TiVo. Remember when it first launched?

“The death of the thirty second spot!” “The end of TV advertising as we know it!”

This was one of the big scare stories when I first started in media, all those years ago. Endless column inches were devoted to the topic in the trade press, and it was the main issue raised at every media event.

With hindsight we can say that many of the predictions made about TiVo’s impact on the TV industry were a little wide of the mark. Yes, TV audiences continue to fragment, and younger viewers are increasingly consuming their AV content by other means. But the 30” spot is still going strong, and many UK advertisers continue to invest in traditional TV spots, driving double digit price inflation.

So what can this storm in a teacup fifteen years ago tell us about how to treat the current frenzy of hyperbole surrounding ad-blocking? Does this technology, which burst into the limelight recently with the launch of iOS9, really represent a dire, existential threat to our industry?

Let me start by quoting an excellent recent article in Adage:

“Advertising … pays for the ability for nearly anyone around the world to type in any URL and have content of unimaginable variety appear on a screen. Advertising also subsidizes the cost of apps, which can take hundreds of thousands of dollars to produce, but are often free or low-priced. Without advertising, digital content and services either will vanish, or the cost for their production and distribution will come directly from consumers’ wallets.”

Why state the obvious, you might ask?

Well most laymen will automatically come down on the side of the ad blocking consumer. They have decided that digital advertising is BAD – too intrusive, too invasive, too interfering – and that ad-blocking is simply destroying something that deserves to be destroyed.

However I firmly believe that consumers just aren’t going to start paying (or at least paying much more) for content and apps. Consumers simply won’t be able to have their cake and eat it.

So, does this mean that the industry can sit back complacently and wait for the storm to blow over? Well, no. The available research suggests that consumers, and particularly young consumers, are using ad-blocking technology to a significant degree, with around 20% of UK users having installed one.* And we must of course remember the first rule of marketing – listen to the consumer. In this case the consumer is telling us that the interruptive formats we’ve resorted to just aren’t working.

In order to find a balance, digital advertising will have to evolve. Much of the industry debate has come from publishers for the simple reason that it is having a direct impact on their revenues. However, the voice of advertisers has been less apparent, because it is a less immediate issue for our industry – after all, you don’t pay if an ad is blocked. But there is no room for short-termism – we need to confront this challenge face on and start changing our behaviour.

So, here are some perhaps obvious but nevertheless fundamental ways in which advertisers can win back the disillusioned consumer:

  1. Create entertaining, moving, helpful and inspirational creative. If you want their attention, then you need to make ads that deserve it!
  2. Steer clear of intrusive ad formats. Remember why the consumer is there in the first place – native formats or content-led partnerships with key publishers may give a better experience. Consumers also respond well to video when in the form of skippable formats that allow them to feel in control.
  3. Employ more sophisticated targeting – either use data you’ve built up yourself, or buy in third-party data to better understand your audience and show them appropriate messages wherever possible.
  4. Buy inventory on better quality sites. Do you know where your ads are appearing? Even users that have ad blocking software installed may make allowances for sites that they want to actively support.

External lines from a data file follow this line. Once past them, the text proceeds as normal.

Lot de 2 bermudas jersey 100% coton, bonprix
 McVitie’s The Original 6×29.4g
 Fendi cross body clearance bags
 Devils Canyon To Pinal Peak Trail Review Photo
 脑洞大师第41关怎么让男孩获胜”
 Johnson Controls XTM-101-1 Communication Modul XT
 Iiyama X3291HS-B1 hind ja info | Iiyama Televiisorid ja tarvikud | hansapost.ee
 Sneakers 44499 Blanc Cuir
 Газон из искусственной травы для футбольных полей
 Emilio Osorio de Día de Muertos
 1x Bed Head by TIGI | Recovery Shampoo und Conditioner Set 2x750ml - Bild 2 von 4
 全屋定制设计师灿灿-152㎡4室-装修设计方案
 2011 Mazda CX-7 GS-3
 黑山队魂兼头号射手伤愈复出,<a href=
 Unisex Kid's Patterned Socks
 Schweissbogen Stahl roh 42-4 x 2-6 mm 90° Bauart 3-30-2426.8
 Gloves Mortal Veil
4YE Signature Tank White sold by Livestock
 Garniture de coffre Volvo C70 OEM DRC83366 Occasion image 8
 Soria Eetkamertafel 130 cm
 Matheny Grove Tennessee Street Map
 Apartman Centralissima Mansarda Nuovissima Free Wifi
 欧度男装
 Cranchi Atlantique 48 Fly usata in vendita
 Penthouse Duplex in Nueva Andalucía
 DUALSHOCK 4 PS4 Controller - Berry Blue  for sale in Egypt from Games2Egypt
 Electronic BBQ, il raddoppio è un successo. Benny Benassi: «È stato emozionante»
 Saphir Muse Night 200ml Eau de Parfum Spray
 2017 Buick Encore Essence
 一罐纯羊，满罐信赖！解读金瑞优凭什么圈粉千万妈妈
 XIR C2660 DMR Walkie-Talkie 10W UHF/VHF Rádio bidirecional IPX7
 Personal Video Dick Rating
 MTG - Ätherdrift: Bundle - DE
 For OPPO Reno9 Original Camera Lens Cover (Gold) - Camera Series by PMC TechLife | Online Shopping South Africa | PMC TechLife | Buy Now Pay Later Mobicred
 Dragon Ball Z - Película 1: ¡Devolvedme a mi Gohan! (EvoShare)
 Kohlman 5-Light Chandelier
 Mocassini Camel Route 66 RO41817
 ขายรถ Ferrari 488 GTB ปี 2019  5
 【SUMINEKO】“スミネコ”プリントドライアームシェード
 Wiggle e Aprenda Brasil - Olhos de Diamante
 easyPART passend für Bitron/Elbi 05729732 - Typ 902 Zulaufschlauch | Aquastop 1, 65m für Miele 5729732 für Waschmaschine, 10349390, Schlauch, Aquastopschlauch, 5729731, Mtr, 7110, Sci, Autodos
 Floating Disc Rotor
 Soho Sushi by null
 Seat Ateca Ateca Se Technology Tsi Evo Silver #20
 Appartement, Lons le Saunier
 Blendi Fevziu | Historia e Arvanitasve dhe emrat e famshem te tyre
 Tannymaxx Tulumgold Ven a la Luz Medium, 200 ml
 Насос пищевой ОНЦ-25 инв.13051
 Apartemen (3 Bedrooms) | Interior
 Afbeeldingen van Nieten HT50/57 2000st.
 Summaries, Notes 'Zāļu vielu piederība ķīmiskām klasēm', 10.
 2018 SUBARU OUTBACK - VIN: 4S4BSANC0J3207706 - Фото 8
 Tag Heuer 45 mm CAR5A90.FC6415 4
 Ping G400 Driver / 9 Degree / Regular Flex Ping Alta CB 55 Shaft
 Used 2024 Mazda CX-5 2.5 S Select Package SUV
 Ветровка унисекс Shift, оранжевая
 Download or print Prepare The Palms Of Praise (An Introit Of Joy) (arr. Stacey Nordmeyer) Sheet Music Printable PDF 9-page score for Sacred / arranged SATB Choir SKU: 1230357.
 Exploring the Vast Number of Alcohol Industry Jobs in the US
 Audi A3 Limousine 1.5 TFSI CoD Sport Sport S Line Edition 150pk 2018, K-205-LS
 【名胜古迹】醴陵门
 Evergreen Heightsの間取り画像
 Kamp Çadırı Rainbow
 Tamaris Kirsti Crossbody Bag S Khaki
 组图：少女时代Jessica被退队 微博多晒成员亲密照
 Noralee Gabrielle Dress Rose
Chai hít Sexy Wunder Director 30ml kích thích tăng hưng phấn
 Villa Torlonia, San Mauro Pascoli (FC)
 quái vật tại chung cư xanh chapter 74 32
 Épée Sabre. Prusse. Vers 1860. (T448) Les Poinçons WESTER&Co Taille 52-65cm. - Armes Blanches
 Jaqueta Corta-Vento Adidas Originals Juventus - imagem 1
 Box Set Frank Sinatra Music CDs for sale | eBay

My predictions of how this is going to play out?

  • Inevitably, some publishers’ won’t continue to exist in their current form, and some may not survive the cull at all, especially if they don’t offer unique, quality content.
  • Advertisers will also have to change their behaviour. This is no bad thing, as improving the quality of digital advertising will be beneficial for the industry as a whole.
  • Consumers will continue to enjoy free, ad-supported online content in one way or the other.